Probably the most consistent and explicit exposition of the part-of-speech interpretation of statives has been given by B. S. Khaimovich and B. I.
Rogovskaya. Their theses supporting the view in question can be summarized as follows.
First, the statives, called by the quoted authors "adlinks" (by virtue of their connection with link-verbs and on the analogy of the term
"adverbs"), are allegedly opposed to adjectives on a purely semantic basis, since adjectives denote "qualities", and statives-adlinks denote "states".
Second, as different from adjectives, statives-adlinks are characterized by the specific prefix a-. Third, they allegedly do not possess the category of the degrees of comparison. Fourth, the combinability of statives-adlinks is different from that of adjectives in so far as they are not used in the pre-positional attributive function, i.e. are characterized by the absence of the right-hand combinability with nouns.
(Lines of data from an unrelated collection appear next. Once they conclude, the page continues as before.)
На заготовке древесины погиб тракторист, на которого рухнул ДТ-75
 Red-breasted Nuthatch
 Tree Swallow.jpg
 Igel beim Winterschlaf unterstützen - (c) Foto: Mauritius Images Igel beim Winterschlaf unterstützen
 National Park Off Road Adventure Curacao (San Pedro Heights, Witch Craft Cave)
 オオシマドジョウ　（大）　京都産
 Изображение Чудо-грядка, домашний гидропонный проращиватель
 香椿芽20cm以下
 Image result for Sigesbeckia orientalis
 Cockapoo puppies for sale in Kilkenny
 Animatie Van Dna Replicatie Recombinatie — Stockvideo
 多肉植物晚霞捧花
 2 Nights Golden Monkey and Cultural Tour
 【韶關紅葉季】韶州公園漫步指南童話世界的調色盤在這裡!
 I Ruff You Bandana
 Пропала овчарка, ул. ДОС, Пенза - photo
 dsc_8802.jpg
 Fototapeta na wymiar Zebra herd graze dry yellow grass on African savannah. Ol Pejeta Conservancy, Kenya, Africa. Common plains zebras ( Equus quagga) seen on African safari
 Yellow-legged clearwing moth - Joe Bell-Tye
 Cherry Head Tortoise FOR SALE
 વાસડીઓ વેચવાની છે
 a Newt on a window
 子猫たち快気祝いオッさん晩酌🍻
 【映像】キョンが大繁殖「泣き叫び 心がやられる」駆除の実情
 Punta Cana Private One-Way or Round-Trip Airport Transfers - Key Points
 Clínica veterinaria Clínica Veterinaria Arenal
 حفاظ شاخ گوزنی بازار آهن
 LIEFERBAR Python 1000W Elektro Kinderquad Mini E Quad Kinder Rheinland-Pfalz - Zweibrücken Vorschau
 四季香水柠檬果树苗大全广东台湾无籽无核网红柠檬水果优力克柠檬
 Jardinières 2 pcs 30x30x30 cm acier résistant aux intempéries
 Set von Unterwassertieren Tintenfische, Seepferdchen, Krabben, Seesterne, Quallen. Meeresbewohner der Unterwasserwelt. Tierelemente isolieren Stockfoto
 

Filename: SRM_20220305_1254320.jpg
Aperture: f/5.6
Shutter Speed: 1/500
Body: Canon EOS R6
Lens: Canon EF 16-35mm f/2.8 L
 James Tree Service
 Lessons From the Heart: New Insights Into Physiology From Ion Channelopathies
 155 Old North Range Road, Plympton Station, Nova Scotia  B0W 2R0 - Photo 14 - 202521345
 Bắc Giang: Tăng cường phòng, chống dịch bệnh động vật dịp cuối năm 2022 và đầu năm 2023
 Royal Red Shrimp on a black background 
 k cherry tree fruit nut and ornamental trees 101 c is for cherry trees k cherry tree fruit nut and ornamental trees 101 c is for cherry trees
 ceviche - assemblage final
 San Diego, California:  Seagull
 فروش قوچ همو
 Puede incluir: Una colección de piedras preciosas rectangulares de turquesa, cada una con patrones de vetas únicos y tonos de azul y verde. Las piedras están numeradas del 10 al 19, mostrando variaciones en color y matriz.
The advanced reasons, presupposing many-sided categorial estimation of statives, are undoubtedly serious and worthy of note. Still, a closer consideration of the properties of the analysed lexemic set cannot but show that, on the whole, the said reasons are hardly instrumental in proving the main idea, i.e. in establishing the English stative as a separate part of speech. The re-consideration of the stative on the basis of comparison with the classical adjective inevitably discloses (lie fundamental relationship between the two, — such relationship as should be interpreted in no other terms than identity on the part-of-speech level, though, naturally, providing for their distinct differentiation on the subclass level.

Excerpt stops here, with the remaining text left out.